Choosing the stimulus ramp length in the above experiment was based upon several tests. We recorded activation curves at increasing ramp speed, with the steepest being a machine-limited 10-ms “pulse” (Fig. S1). Short ramps (<100 ms) elicited activation curves with higher pressure midpoints (p0.5), apparently due to the combined viscosity in the pneumatic system and kinetic delays in channel response. As the ramp length increases beyond 250 ms, p0.5 in the given patch stabilizes at 120 mmHg. We also found that with ramps longer than 5 s, the final current level progressively decreases, which can be ascribed to channel inactivation (Akitake et al., 2005). Based on these data, 1-s ramps were chosen as the preferred stimulus for measuring channel activation, as the population response in this regimen is not visibly limited by channel opening kinetics and the effect of inactivation along the ramp is negligible.
Using triangular ramps, we compared responses to ascending and descending stimuli. With longer ramps, we detected midpoint deviations from those observed under standard conditions (1-s ramp). Fig. S2 shows MscS and MscL population responses to saturating ascending and descending pressure ramps of different length. Ramps shorter than 1 s invariably result in the midpoints of both MscS and MscL being lower on the descending leg of the ramp than on the ascending leg. As ramp length is increased, the midpoint pressure on the descending leg of the ramp (closing direction) “catches up” and eventually surpasses the opening midpoint pressure. In four independent patches, the p0.5 (opening)/p0.5 (closing) ratio of MscS channels on 1-s ramps was found to be 17 ± 7% higher than that on 20-s ramps. Hysteresis is apparently kinetic in nature and can be explained by a relatively slow closing rate and opposite character of tension dependencies for the opening and closing rates.
Many studies described dependencies of MscS adaptation kinetics on pressure (Koprowski and Kubalski, 1998; Akitake et al., 2005, 2007a), voltage (Vasquez and Perozo, 2004; Akitake et al., 2005), presence of cosolvents (Grajkowski et al., 2005), or amphipathic agents (Akitake et al., 2007b; Kamaraju and Sukharev, 2008). It was unclear whether the adaptive mode shift is an intrinsic property of MscS specifically. Here, we found that both MscS and MscL are characterized by very similar adaptive behaviors while differing in their ability to inactivate. To observe both channels in the same patch, we expressed MscS in the mscL-positive PB113 strain. Repeated ramp experiments indicated that the midpoint of MscL is 1.8 ± 0.1 (n = 13) times higher than that of MscS (∼14 dynes/cm vs. ∼7.8 dynes/cm on 1-s ramps). Because the midpoints are well separated, we were able to probe each population individually and show that the MscL current declines adaptively with nearly the same magnitude and time course as that of MscS. As shown in Fig. 1 C, at the end of each 3-s trace, the channel population was probed by a saturating pressure pulse, which evoked full population current with negligible deviations due to inactivation and demonstrated that the observed current decline was not a consequence of inactivation. Although MscL adaptation has previously been reported in liposomes (Häse et al., 1995), Fig. 1 (B and D) provides evidence for it in native bacterial membranes, and coexpression now allows us to compare the adaptive properties of MscS and MscL side by side. Adaptive current decline appears as partial loss of tension sensitivity, which is why the process was previously called “desensitization” or “mode shift” (Akitake et al., 2005, 2007a). As will be discussed below, the term “adaptation” describes adaptation of the stimulus rather than channel transition to a different state.

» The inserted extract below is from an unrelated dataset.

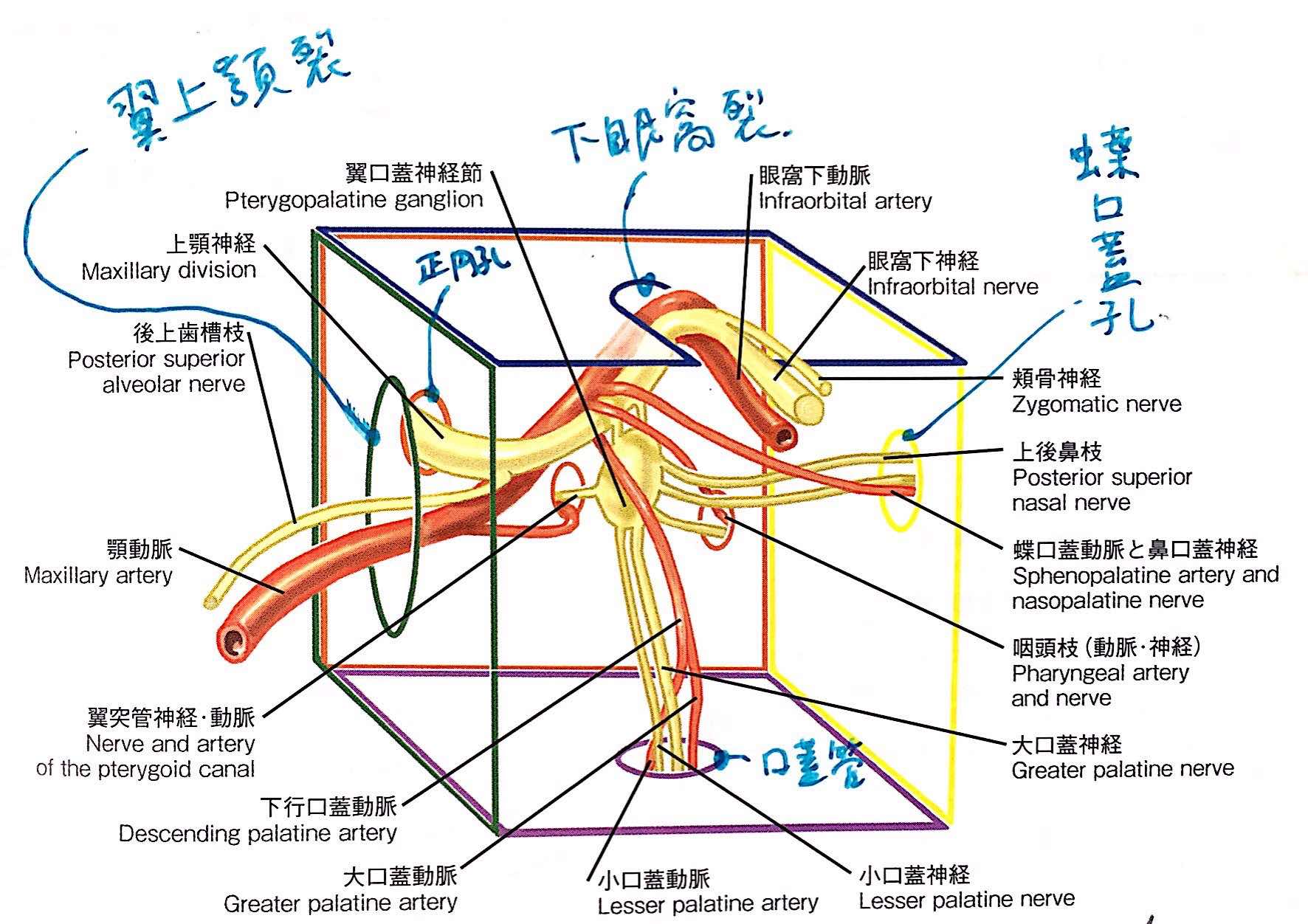 翼口蓋窩.jpg 翼口蓋窩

Ramp responses in patches containing both wild-type MscS and MscL are shown in Fig. 2 A. The two channels’ midpoints shift toward higher pressures by nearly the same amount after a 1-min exposure to a subthreshold pressure step. Because MscL activates at substantially higher pressures than does MscS, the two populations produce a trace with two well-separated activation “waves.” The curve shift in both channel populations was similar in pressure units, but when measured as a ratio of the naive midpoint it was more pronounced in MscS. In six independent patches, the midpoint shift of MscS varied between 15 and 25 mmHg after a 59-s preconditioning stimulus, whereas the midpoint shift of MscL varied between 10 and 20 mmHg.
The conditioning subthreshold stimulus duration that affects MscS and MscL’s mode shift was determined by subjecting a patch containing both channels to a subthreshold pressure for varying periods of time and testing the midpoints with identical 500-ms ramps before and after the stimulus (Fig. 2 B). The two channels’ midpoints were plotted as a function of the conditioning stimulus duration (Fig. 2 C). Fitted with single-exponential functions, this dataset yielded remarkably similar characteristic times (τ = 1.89 s for MscL and 2.00 s for MscS). The two channel species share no homology, bear no structural resemblance, and have very different gating parameters. We conclude that the mechanosensitive channels MscS and MscL undergo simultaneous mode shift similar in amplitude and time course not because of a specific property prebuilt in their structure, but rather due to some type of stress redistribution in the patch membrane, the common environment for both of them.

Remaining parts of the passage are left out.